### DATASET
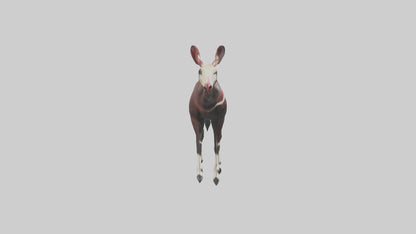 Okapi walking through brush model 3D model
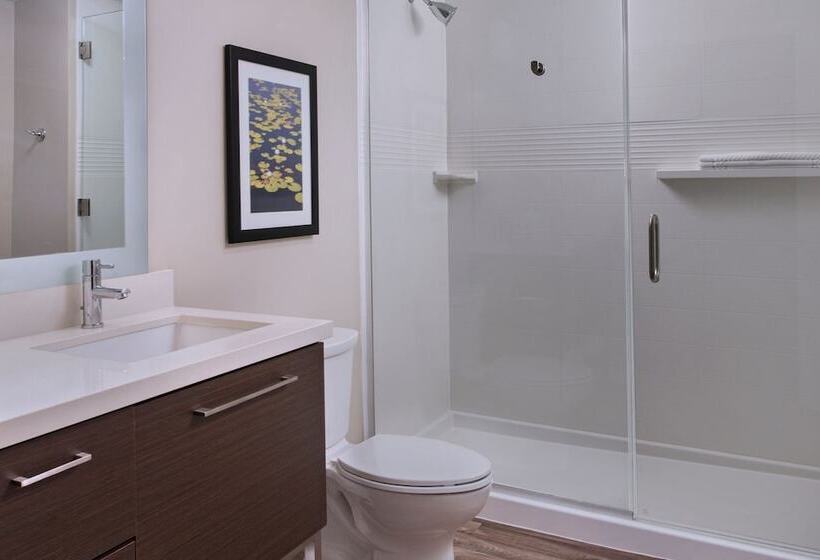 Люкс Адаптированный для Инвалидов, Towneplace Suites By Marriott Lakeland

...

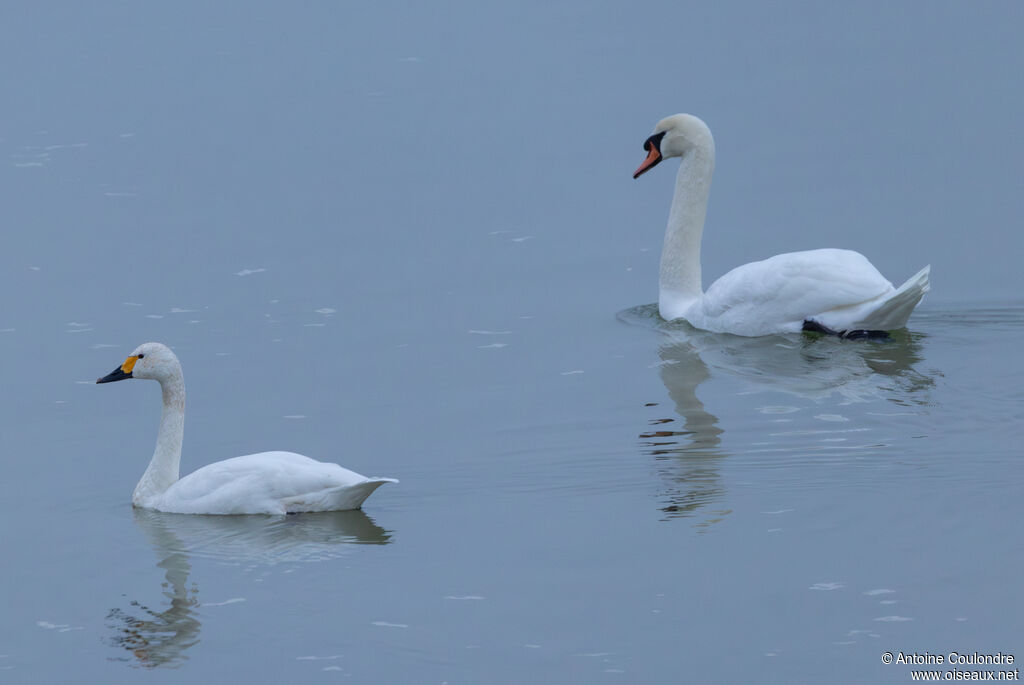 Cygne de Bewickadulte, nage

...

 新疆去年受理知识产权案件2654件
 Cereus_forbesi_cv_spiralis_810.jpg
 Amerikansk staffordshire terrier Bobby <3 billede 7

### EXERCISE AIM
Using the records above, print exactly the lines between the ones containing "Okapi walking through brush model 3D model" and "Люкс Адаптированный для", inclusive, and nothing else; no pictures.

### WRITTEN REPLY
 Okapi walking through brush model 3D model
 Люкс Адаптированный для Инвалидов, Towneplace Suites By Marriott Lakeland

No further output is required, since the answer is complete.